### What the task asks
The answer is the full set of records below, transcribed exactly.

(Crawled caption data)
══════

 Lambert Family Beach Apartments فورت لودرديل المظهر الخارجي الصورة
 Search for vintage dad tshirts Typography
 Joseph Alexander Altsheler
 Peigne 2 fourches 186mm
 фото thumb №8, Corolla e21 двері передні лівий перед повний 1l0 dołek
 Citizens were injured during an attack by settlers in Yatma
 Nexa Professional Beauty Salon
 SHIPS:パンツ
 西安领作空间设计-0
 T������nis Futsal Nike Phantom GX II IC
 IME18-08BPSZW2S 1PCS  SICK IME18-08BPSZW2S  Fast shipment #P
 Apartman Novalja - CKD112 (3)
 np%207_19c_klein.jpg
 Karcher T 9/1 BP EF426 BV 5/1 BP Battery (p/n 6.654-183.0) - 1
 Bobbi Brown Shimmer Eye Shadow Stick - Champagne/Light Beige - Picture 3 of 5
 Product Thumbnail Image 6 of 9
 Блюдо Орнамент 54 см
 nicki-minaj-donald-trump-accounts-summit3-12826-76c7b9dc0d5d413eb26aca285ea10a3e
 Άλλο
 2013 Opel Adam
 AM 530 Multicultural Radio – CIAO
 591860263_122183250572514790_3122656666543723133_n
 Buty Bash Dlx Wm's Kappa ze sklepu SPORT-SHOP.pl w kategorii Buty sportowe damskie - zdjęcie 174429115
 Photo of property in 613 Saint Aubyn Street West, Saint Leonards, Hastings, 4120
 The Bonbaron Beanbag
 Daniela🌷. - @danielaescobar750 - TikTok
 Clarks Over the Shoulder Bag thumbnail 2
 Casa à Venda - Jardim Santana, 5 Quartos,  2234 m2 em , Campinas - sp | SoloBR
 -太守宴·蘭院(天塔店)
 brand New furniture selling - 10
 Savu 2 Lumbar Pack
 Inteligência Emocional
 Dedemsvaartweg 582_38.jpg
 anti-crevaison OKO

══════

### Expected answer
 Lambert Family Beach Apartments فورت لودرديل المظهر الخارجي الصورة
 Search for vintage dad tshirts Typography
 Joseph Alexander Altsheler
 Peigne 2 fourches 186mm
 фото thumb №8, Corolla e21 двері передні лівий перед повний 1l0 dołek
 Citizens were injured during an attack by settlers in Yatma
 Nexa Professional Beauty Salon
 SHIPS:パンツ
 西安领作空间设计-0
 T������nis Futsal Nike Phantom GX II IC
 IME18-08BPSZW2S 1PCS  SICK IME18-08BPSZW2S  Fast shipment #P
 Apartman Novalja - CKD112 (3)
 np%207_19c_klein.jpg
 Karcher T 9/1 BP EF426 BV 5/1 BP Battery (p/n 6.654-183.0) - 1
 Bobbi Brown Shimmer Eye Shadow Stick - Champagne/Light Beige - Picture 3 of 5
 Product Thumbnail Image 6 of 9
 Блюдо Орнамент 54 см
 nicki-minaj-donald-trump-accounts-summit3-12826-76c7b9dc0d5d413eb26aca285ea10a3e
 Άλλο
 2013 Opel Adam
 AM 530 Multicultural Radio – CIAO
 591860263_122183250572514790_3122656666543723133_n
 Buty Bash Dlx Wm's Kappa ze sklepu SPORT-SHOP.pl w kategorii Buty sportowe damskie - zdjęcie 174429115
 Photo of property in 613 Saint Aubyn Street West, Saint Leonards, Hastings, 4120
 The Bonbaron Beanbag
 Daniela🌷. - @danielaescobar750 - TikTok
 Clarks Over the Shoulder Bag thumbnail 2
 Casa à Venda - Jardim Santana, 5 Quartos,  2234 m2 em , Campinas - sp | SoloBR
 -太守宴·蘭院(天塔店)
 brand New furniture selling - 10
 Savu 2 Lumbar Pack
 Inteligência Emocional
 Dedemsvaartweg 582_38.jpg
 anti-crevaison OKO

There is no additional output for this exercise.